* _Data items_
<<<<

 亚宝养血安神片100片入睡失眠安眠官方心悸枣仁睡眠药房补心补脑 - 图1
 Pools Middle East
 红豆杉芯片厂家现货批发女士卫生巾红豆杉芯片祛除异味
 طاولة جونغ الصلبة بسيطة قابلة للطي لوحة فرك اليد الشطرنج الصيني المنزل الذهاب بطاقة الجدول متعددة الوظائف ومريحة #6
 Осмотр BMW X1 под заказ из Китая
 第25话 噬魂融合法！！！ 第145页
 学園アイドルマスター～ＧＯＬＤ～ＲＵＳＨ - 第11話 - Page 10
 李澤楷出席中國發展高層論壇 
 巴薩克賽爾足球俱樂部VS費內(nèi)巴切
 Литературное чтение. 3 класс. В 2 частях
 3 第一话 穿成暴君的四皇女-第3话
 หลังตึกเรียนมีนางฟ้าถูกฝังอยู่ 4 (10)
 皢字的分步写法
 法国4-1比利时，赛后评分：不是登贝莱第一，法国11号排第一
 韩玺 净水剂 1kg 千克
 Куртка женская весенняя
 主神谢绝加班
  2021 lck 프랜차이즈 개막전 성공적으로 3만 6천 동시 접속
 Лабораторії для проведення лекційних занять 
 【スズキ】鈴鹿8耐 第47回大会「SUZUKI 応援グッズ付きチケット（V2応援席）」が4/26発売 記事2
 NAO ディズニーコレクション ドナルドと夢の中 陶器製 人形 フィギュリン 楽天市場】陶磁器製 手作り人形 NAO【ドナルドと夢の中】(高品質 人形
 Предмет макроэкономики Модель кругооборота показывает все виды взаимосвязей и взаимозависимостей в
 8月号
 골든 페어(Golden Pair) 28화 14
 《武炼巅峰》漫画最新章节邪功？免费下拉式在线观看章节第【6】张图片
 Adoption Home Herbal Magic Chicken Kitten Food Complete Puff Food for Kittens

>>>>

Reproduce exactly the lines above from the line with "学園アイドルマスター～ＧＯＬＤ～ＲＵＳＨ - 第11話 - Page 10" to the line with "NAO ディズニーコレクション ドナルドと夢の中", including both, and add nothing.

* _EXERCISE SOLUTION_
 学園アイドルマスター～ＧＯＬＤ～ＲＵＳＨ - 第11話 - Page 10
 李澤楷出席中國發展高層論壇 
 巴薩克賽爾足球俱樂部VS費內(nèi)巴切
 Литературное чтение. 3 класс. В 2 частях
 3 第一话 穿成暴君的四皇女-第3话
 หลังตึกเรียนมีนางฟ้าถูกฝังอยู่ 4 (10)
 皢字的分步写法
 法国4-1比利时，赛后评分：不是登贝莱第一，法国11号排第一
 韩玺 净水剂 1kg 千克
 Куртка женская весенняя
 主神谢绝加班
  2021 lck 프랜차이즈 개막전 성공적으로 3만 6천 동시 접속
 Лабораторії для проведення лекційних занять 
 【スズキ】鈴鹿8耐 第47回大会「SUZUKI 応援グッズ付きチケット（V2応援席）」が4/26発売 記事2
 NAO ディズニーコレクション ドナルドと夢の中 陶器製 人形 フィギュリン 楽天市場】陶磁器製 手作り人形 NAO【ドナルドと夢の中】(高品質 人形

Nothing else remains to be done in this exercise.